The minister responsible for liquefied natural gas in B.C. says a final investment decision on the proposed Pacific Northwest LNG facility in Prince Rupert could happen this spring.
Rich Coleman says the project is in the public feedback stage.
“The public have 30 days to comment. Then it has to then go to either the minister who makes a decision or it goes to federal cabinet for a decision, which would probably be somewhere around the end of March, which lines up with everyone’s timeline.”
A Canadian Environmental Assessment Agency report found the project didn’t pose a danger to salmon.
But the report also found the facility would have significant adverse effects on harbour porpoises and in producing greenhouse gas emissions.
Coleman says this is not bad news.
“When I had the conversations about greenhouse gas emmissions with the federal government on the upstream, it is new that they are bringing this to the table, all I asked them was to please measure us according to what everyone else is at and you will find out that we are already lower than everybody else that does this in North America.”

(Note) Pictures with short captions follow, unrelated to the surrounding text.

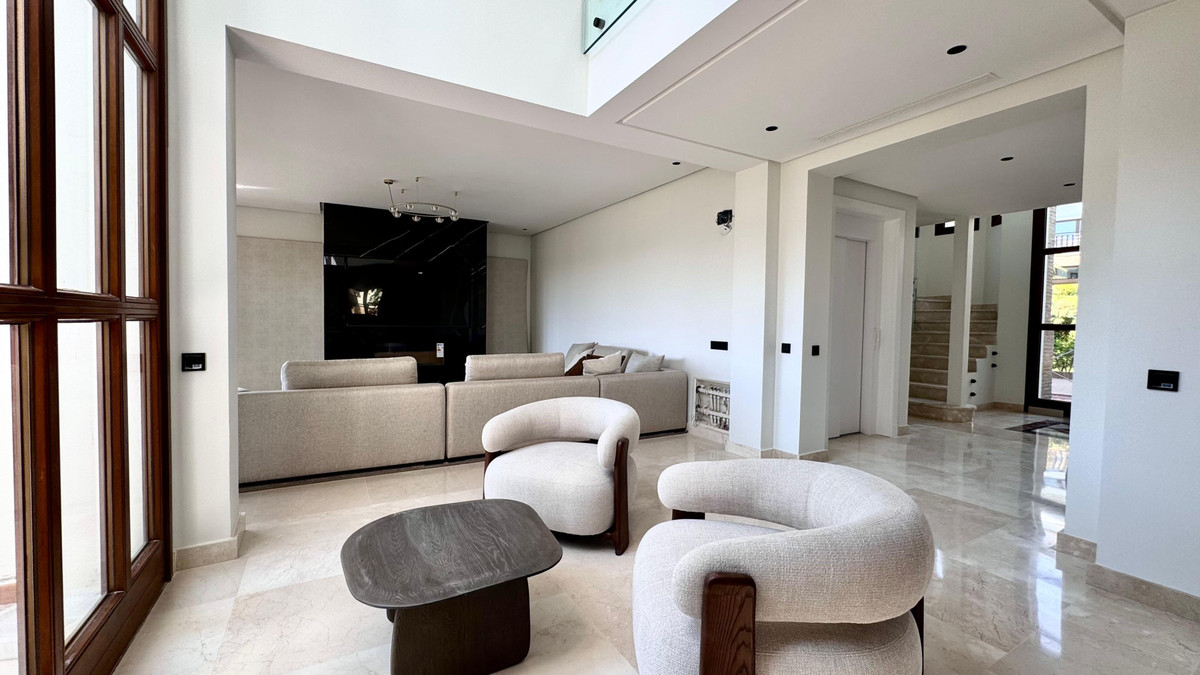 6 Bed Townhouse for sale in The Golden Mile Costa Del Sol, Málaga, Spain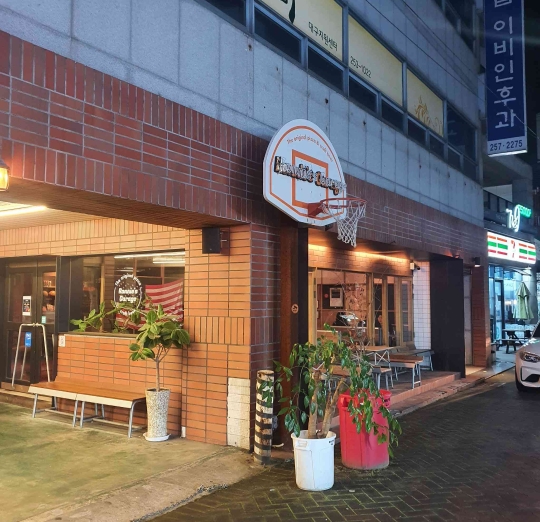  대구 종로 미국식 피자 '로이스개러지' 토핑 실하고 분위기 좋음, 동성로 맛집, 대구 피자 추천, 힙한분위기, 대구데이트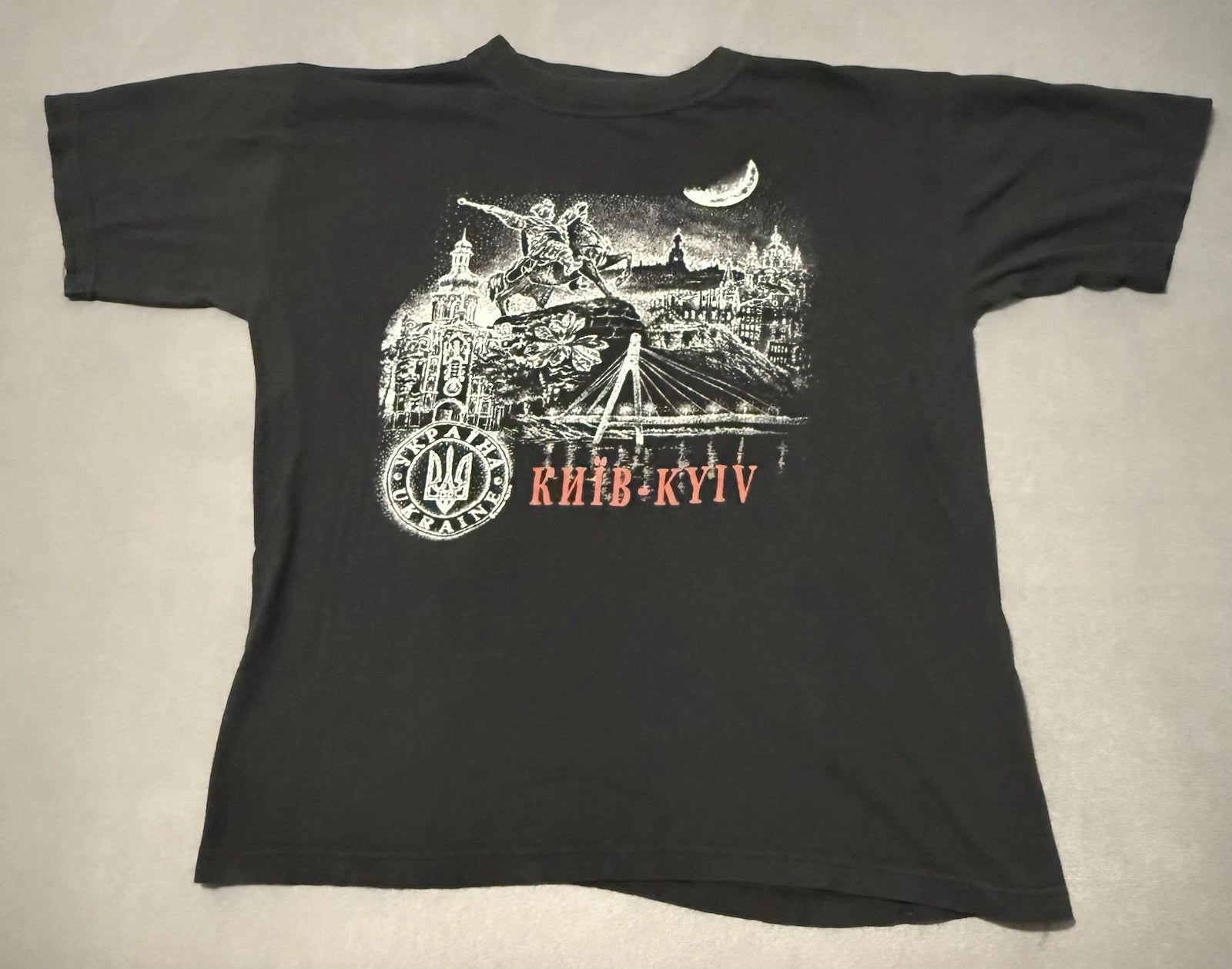 Vintage Kyiv Ukraine Shirt Mens M Black City Landmark Graphic Travel Tee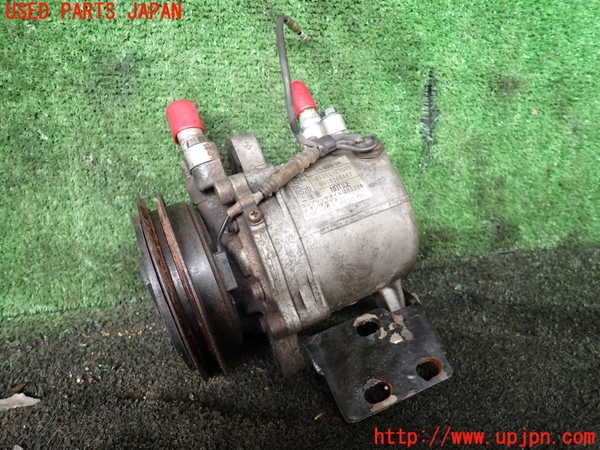 5UPJ-25276025]VW ビートル(タイプ1)(不明)エアコンコンプレッサー 中古_m0001.jpg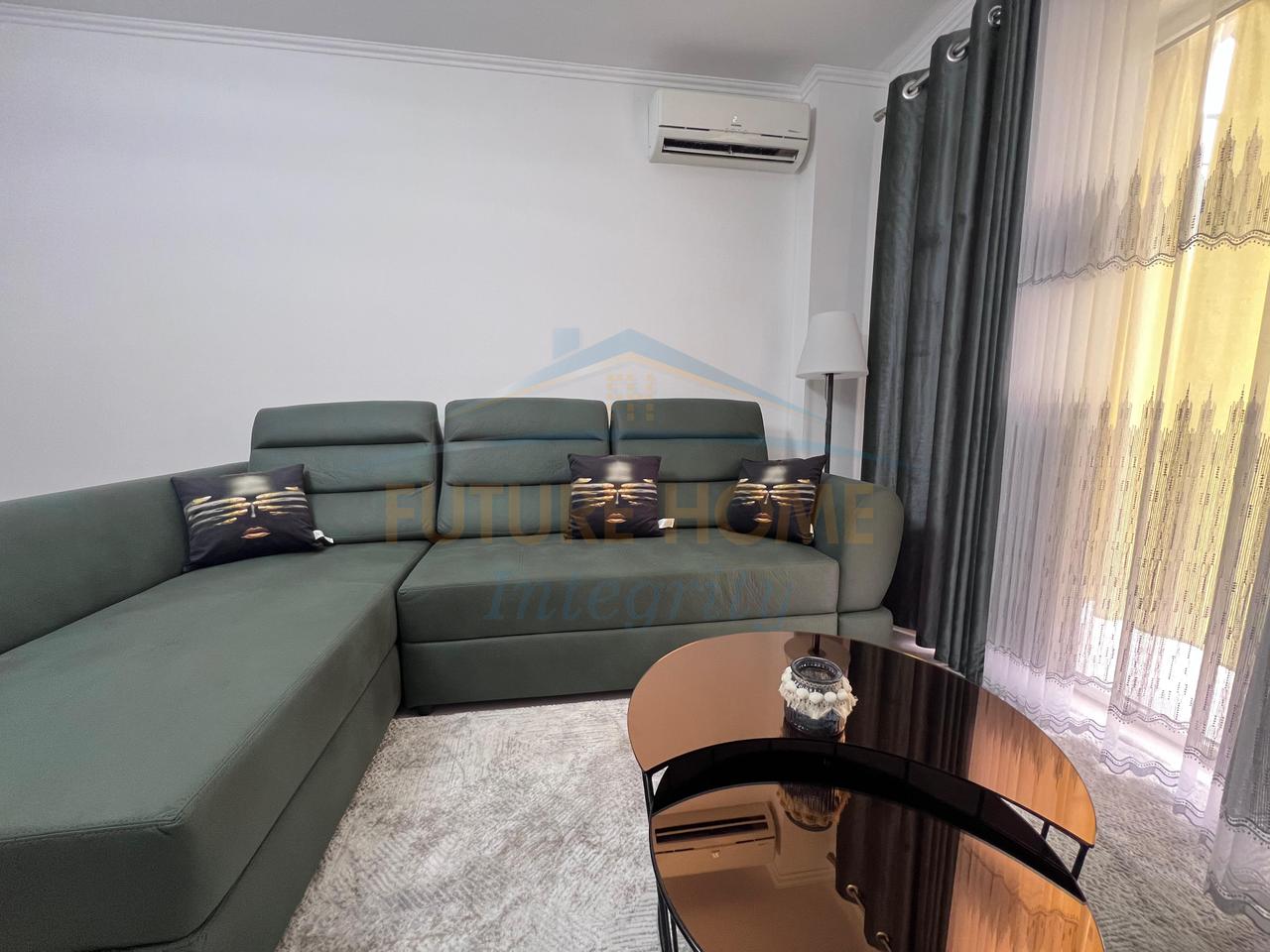 Rent, Apartment 2+1+Veranda, 5 May Street, Tirana.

Coleman says LNG facilities will be hooked up to the power grid to lower emissions in order to become the cleanest LNG industry in the world.
Coleman was asked about critics who aren’t buying into the clean LNG line.

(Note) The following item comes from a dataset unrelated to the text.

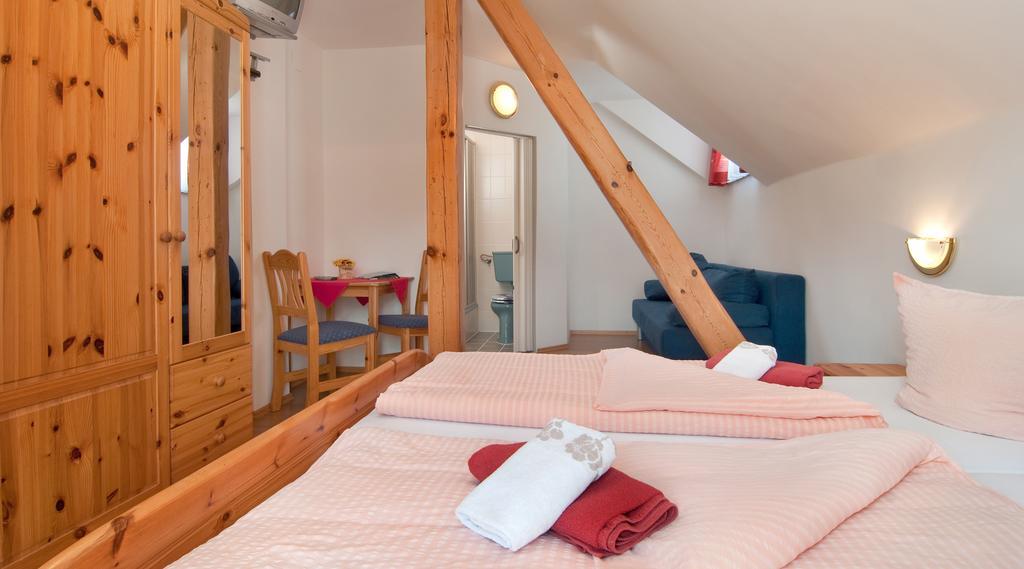 Gaestehaus Lutschounig Faak am See Eksteriør bilde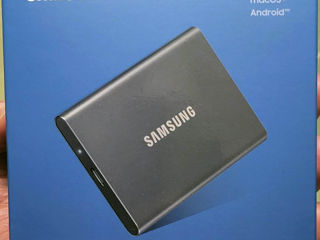 Внешний скоростной SSD Samsung T7 на 4Тб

“There is no shortage of experts and people that people who criticize what we are trying to do. We just keep proving them wrong and we will continue to do that. You can’t have growth and jobs and opportunities within any jurisdiction without some GHG impacts. You have to do it environmentally sound. You have to set your standards and beat world standards so plants in British Columbia will be significantly lower than any LNG plant in the world.”
This comes as Shell has delayed a final investment decision in its LNG Canada proposal until the end of the year.
Economic conditions including tanking oil prices are sideswiping big energy companies and driving down the price of natural gas.
The spot price of LNG in Asian markets is less than a quarter of what it was a few years ago even as global LNG production climbs with countries like the USA entering the market even as B.C. still sits on the launching pad.